What its important to take in consideration its the amount of queries needed to achieve the best performance results, but this is the mastering part. (maybe @supernhok13 its what you trying to understand)

This package, as I been exploring, please correct me if im wrong, gives you the 2 first bits of the GraphQL server implementation on a query resolution aspect, which is to parse the query and validate input fields, after this is your turn to provide the records in the format your query is expecting, another good thing you also get its to clear out the fields you don't need to give back, you can return full record in your function, this package clears whats not needed and your client only receives what it asked for.

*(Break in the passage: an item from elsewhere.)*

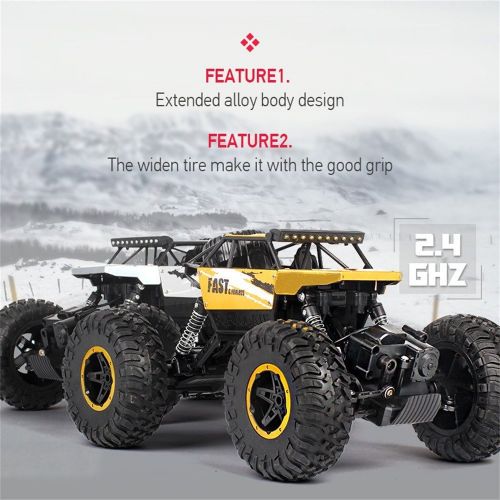  Birdfly Cross-Country RC Climbing Car 1/18 2.4G 4WD 15KM/h Alloy High Tire Off-Road Monster Truck Radio Contral Toy Car (Gold)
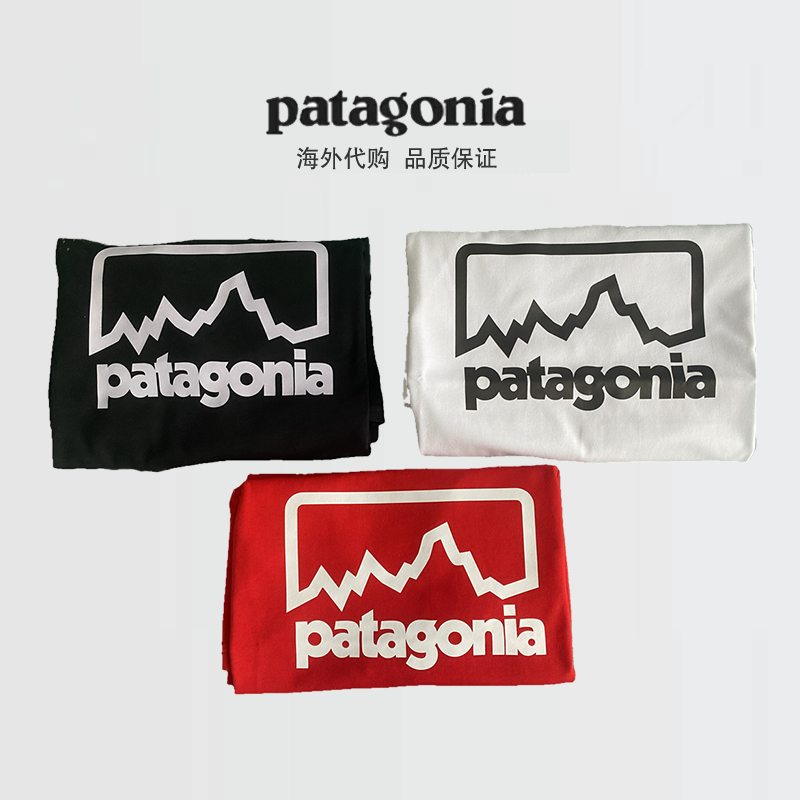 Patagonia巴塔哥尼亞經典復古山標誌印花夏季男女圓領t恤短袖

Another cool feature its that by modelling the Types, Nodes and so, you can make and endpoint where you schema its declared, for example: using the admin schema:

$router->get('/schema.json', function () use ($router) {
    $schema = GraphQL::introspection('admin');
    return response()->json($schema);
});

Having this you can have a model schema definition, something similar to what swagger provides, there are tools for React where you can synchronise your client app with your server with packages like graphql get-schema or relay-compiler, this makes your development a complete different experience, his is so cool for the fact that you are pre-compiling and validating all network calls, and define for your the types in your client app. Its always good to have some checks where your code its matching the server specs.

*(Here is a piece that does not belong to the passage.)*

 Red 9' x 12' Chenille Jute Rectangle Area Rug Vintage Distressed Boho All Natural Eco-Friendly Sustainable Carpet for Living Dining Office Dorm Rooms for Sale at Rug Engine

correct me if im wrong, or is there more into this I still don't see.

codeitlikemiley commented 6 years ago

query nested relationship will always go down to the database level... if you make N+1 Querry surely you does not optiize your 1 endpoint of quering all data in one go... EagerLoading Relationship is the best way to go....

Maybe you can listen to the number of querries your making in one go... Ive been reading a lot lately, researching just like you do...

but hopefully this helps you

gwynn-1 commented 6 years ago

Ok Maybe I understand a little bit. Thank you guys for sharing me your knowledge. Let me say it again for more clearer, if I'm wrong at some part, please correct me. So the explanation in the link I mentioned is when it executes in database level, and in this library of Laravel, it's how the ORM Eloquent work in Resolver function when client request for nested GraphQL query.

My boss want me to research about GraphQL's performance so that we can know it is qualified for our upcoming microservices project, especially in Laravel and Lumen. So I hope you guys can help me out :))

ikudosi commented 6 years ago

I've been using GraphQL with this package on two different companies. Because GraphQL is a spec, the performance is all up to you on how you construct your data. The way it works is in the resolve method of the query, you return an entity that represents the type you defined in that query. GraphQL will take each field that you pass to the back, and access them as a property so it is best to utilize relationships as much as possible and to eager load your relationships when needed. The way I have it setup right now is I created my own base ModelQuery class that all queries extends from. What that class offers standardized global parameters like relationships / limit / order / searching columns; relationships is an array of string where you pass it literally the relationships to load in the back. I'm pretty sure you can create such logic to eager load everything automatically based on the fields you pass to the back but I haven't gotten the time to think of that whole process yet.